If you use UTF-8, even Internet Explorer 6.0 will get XHTML documents wrong
when the <meta/> delcaration for the charset is missing.
And sometimes Internet Explorer does not interpret the charset declaration
in a <meta/> element.


> |   To be precise, I didn't mention I meant *publishing*, not
> *writing*. No I
> |   say it.
> |   I mean the encoding for publishing, not the encoding for writing.
>
> ok, now I am confused.
> Anyway, let me explain how I see typical publishing of *documents* (under
> *documents* I understand typical business memo, article in
> newspaper, etc.)
> You type article/text in word processor. Than you "Save As HTML". You get
> HTML or XHTML file as an output.
> What encoding you get in such HTML/XHTML depends on your word processor.
> I use KWord in such cases, and save docs as XHTML Strict with
> CSS2 formatting.
> MS IE, Mozilla, Netscape, Konqueror do not have problems
> opening/rendering
> such docs.
> Default encoding for such HTML exported from KWord is Unicode/UTF8.
If *publishing* is *saving* them from a "word processor" (ouch, that's not
the tool to generate HTML, especially if its name is Microsoft Word), then
you're right.

But for me, even Macromedia DreamWeaver is not the tool to create XHTML
documents. I want valid documents. So I threw away HomeSite, Fusion,
FrontPage, DreamWeaver and all those.

I write XHTML by hand and use Transformation for all tasks like adding tocs,
headers, footers, style and so on.

> [...]
> |   > For all other cases, you should use Unicode (UTF-8).
> |   > Unicode TTF fonts are widely available nowdays, so I see no problem
> |   > with transition to Unicode.
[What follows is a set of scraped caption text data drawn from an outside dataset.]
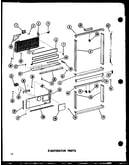 Evaporator parts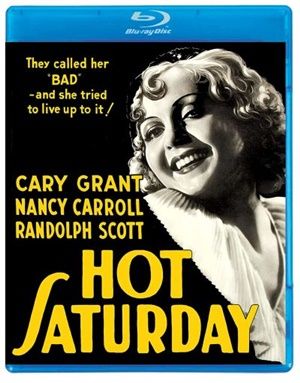 Image of Hot Saturday Kino Lorber Blu-ray boxart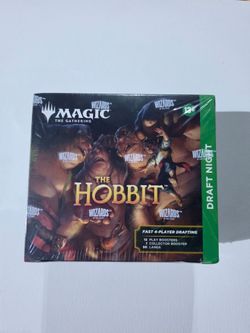 Magic: The Gathering The Hobbit Draft Night Box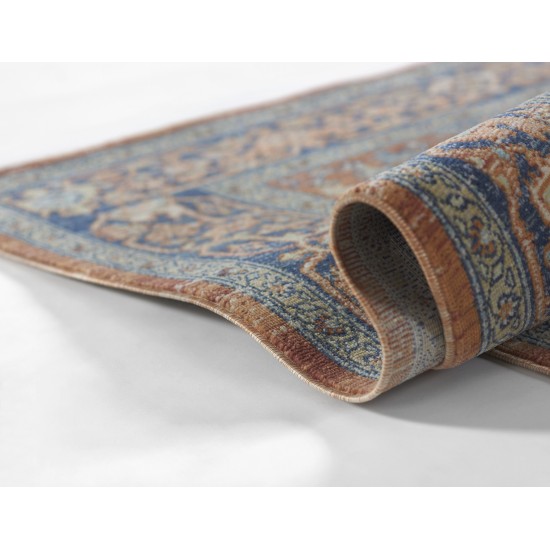 Rug, Momeni, Lillihan, LIH-1, Copper, 2'7" X 8' Runner, 48550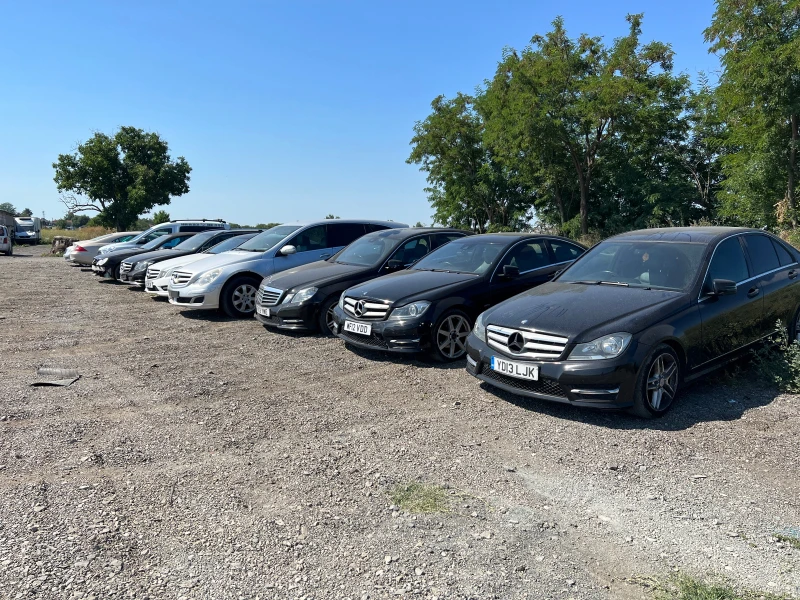 Mercedes-Benz C 220 651 на части, снимка 5 - Автомобили и джипове - 37499086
Windows 2000 has good support
> for Unicode,
> |   > KDE (Linux,
> |   > UNIX, FreeBSD) supports Unicode natively and I guess MacOS X too.
> |   > So all major platforms completed migration and supporting
> |   > *legacy* technics
> |   > like  &uuml; for Umlaut make no sence anymore.
> |
> |   That's where I cannot agree.
>
> why?
Mac OS 9 and older have a big market share in USA and a small (but not too
small) market share in Europe. Unicode is a problem for Browsers on Mac OS.

> |
> |   - Does your cell phone have Unicode/UTF-8 support?
>
> it's pretty well known that current models of mobile phones are terrible.
> I hope you don't use some "rrecent model with WAP support", do you?
> Anyway, until G3 cellular networks became common, mobile phone
> users will not
> use Internet from phones.
>
> |   - Do Opera 5, 4, 3.6, Voyager, iBrowse, AWeb have
> Unicode/UTF-8 support?
>
> It's known that Opera5 has problems with Unicode support.
> IIRC this was one of the (officcial) reasons why MSN blocked
> access for Opera
> browser. (you can check some links on my web page, http://kde2.newmail.ru)
> Please get me correctly: I like Opera browser, it has nice features.
> But fact that Opera5 can't support Unicode correctly - is problem
> of company
> named Opera Software.
> I use Konqueror, it has good Unicode support.
> as about Voyager, iBrowse, AWeb - I guess these are some
> minor/experimental
> browsers? I haven't heard about those ones.
> If they do not support Unicode - than they should get support
> ASAP. Otherwise
> they will disappear earlier than they matured :-)
Well, they are all about 8 years old, except for AWeb, which is a bit
younger.

Their OS just has no big market share: Amiga OS.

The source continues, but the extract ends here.